The prolegomena of Leviathan begins by a lengthy materialist account of metaphysic, epistemology, and human nature.  Much like his confidant Gassendi, Hobbes holds that everything in reality is made up of atoms which follow strict laws of motion.  Humans, therefore are nothing by material machines.  Nature is mechanistic and works on the basis of immutable laws.  Moreover, contrary to Aristotle's view that the intellectual act of comprehension means the active intellect's identification of the inner formal reality of a thing, Hobbes insists that material from an object effective "pushes" against the sense and therefore causes the act of comprehension (this is why he is a strict empiricist!).  As one might expect, this leads inexorably to a re-narration of the Bible and its miracles on the basis of materialism.  In effect, Hobbes claims that miracles don't happen, and that when people are said to have been inspired by God's Spirit, it merely means that they were smart guys and had some good ideas that all reasonable human beings could have arrived at.

But, again, what's the point?  Isn't this supposed to be a book about government?  Why are we talking about theology, and or metaphysic still?  The answer is fairly simple.  As I noted in my earlier post, the emergence of the theory of the modern nation-state as an autonomous entity with no religious background is actually theological in and of itself.  The point of promoting a materialist metaphysic is that it creates a situation where all causes are causes that can be controlled by the state.  In other words, since material objects are tangible, they can be moved by asserting a certain level of force.  The state can do this.  If God intervenes in creation, and therefore gives authority to certain individual to do certain things, then there are social forces that cannot be controlled by the state.  The state in this case lacks absolute authority.
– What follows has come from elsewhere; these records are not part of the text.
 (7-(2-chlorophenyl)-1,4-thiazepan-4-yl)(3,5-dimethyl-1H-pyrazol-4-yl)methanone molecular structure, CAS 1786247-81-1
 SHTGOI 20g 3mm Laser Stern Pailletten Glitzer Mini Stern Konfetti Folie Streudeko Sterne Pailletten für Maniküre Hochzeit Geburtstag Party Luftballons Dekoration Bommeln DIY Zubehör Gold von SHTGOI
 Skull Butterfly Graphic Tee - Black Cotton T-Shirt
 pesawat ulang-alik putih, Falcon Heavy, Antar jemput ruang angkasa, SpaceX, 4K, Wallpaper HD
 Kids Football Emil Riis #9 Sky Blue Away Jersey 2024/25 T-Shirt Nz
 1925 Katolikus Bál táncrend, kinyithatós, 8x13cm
This puts what we call "Liberal" and "Conservative" Christianity in a new light.  Liberals are not those who have woken up and realized that modernity has give us a knockout argument (secularists don't even believe this anymore).  Rather one is a Liberal vs. Conservative (or better "Orthodox"!) to the extent that one accepts the modernist settlement- i.e., a private realm of value vs. a public realm of fact and material cause.  Liberals, irrespective of the evidence, have little desire for the Bible to be literally true.  In fact, without any Biblical archaeology they were basically making the same arguments back in the 17th and 18th centuries that they are now.  Rather, the question is about the social authority of religion.  If I believe that the patriarchs, prophets and apostles all existed, and did miracles in real historical time, then I am saying that there are real metaphysical causes that are non-material and therefore which the state and secularity cannot control.  Religion therefore has a social authority which cannot be subordinated to the state and secular societies values.  Religious Liberals want to say that religion is about subjective values or inner experiences- the external realm is fully governed by the state, social values, and material causes.  Consequently, in the public, external realm, these values when understood correctly cannot interfere with the absolute authority of the state or personal self-interest.  This can be observed in our present situation.  In America, the more historically true you consider the Bible to be, the more likely you are to think that its teaching should at least in part become public policy.

On a side  note, this put the whole Seminex debate into new perspective.  What's gospel-reductionism all about?  If one eliminates both the binding character of the law and the actual historical reality of Scripture from the realm of theological authority (i.e., talk about real stuff that happened in the real world or (with regard to the law) real stuff you should do, in the real world) what do you get?  Well, everything is reduced to the gospel, which without real history to anchor it, turns into an existential and interior experience of forgiveness.  Is it therefore any surprise that these same folks 30 or 40 years later are the ones who drove the ELCA to mimic secular values in its national assembly and bureaucracy?  Not really.